* _What the task requires_:
While reading through the material below, copy each line that holds the word "background".
+++ Information given
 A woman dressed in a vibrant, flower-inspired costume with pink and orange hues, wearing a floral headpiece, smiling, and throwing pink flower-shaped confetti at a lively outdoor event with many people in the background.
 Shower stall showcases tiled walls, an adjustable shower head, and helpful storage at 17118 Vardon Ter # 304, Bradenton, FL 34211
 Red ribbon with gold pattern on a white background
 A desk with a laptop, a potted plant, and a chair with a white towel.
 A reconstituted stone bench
++++++
+++ Information given
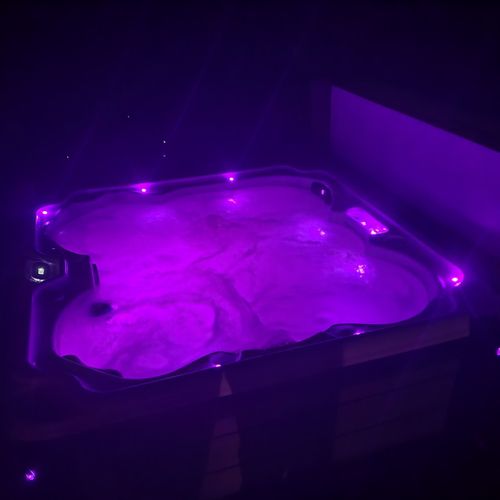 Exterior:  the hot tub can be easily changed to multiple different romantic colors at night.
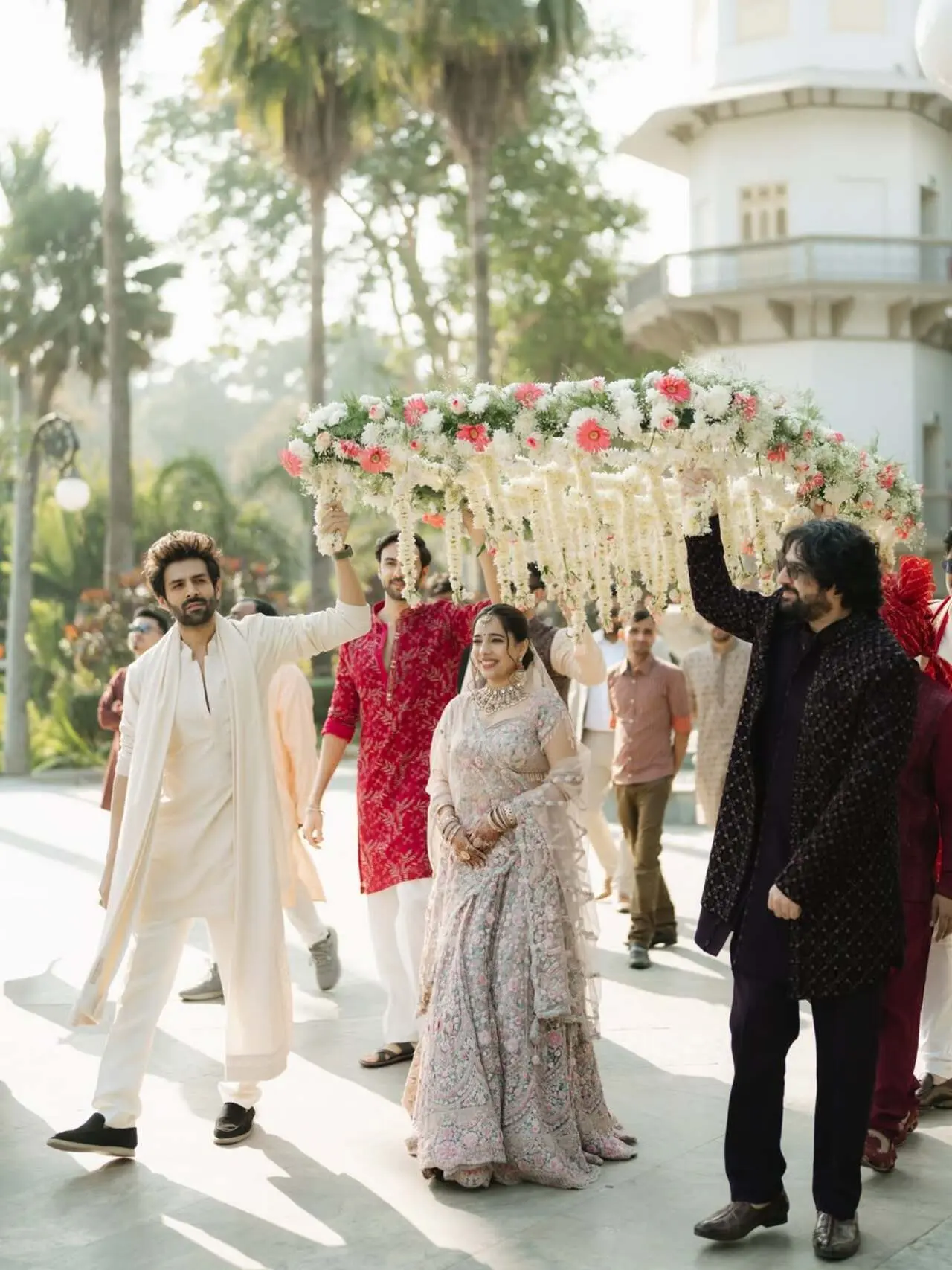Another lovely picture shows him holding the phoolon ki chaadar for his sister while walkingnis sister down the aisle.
++++++
* _Reply_:
 A woman dressed in a vibrant, flower-inspired costume with pink and orange hues, wearing a floral headpiece, smiling, and throwing pink flower-shaped confetti at a lively outdoor event with many people in the background.
 Red ribbon with gold pattern on a white background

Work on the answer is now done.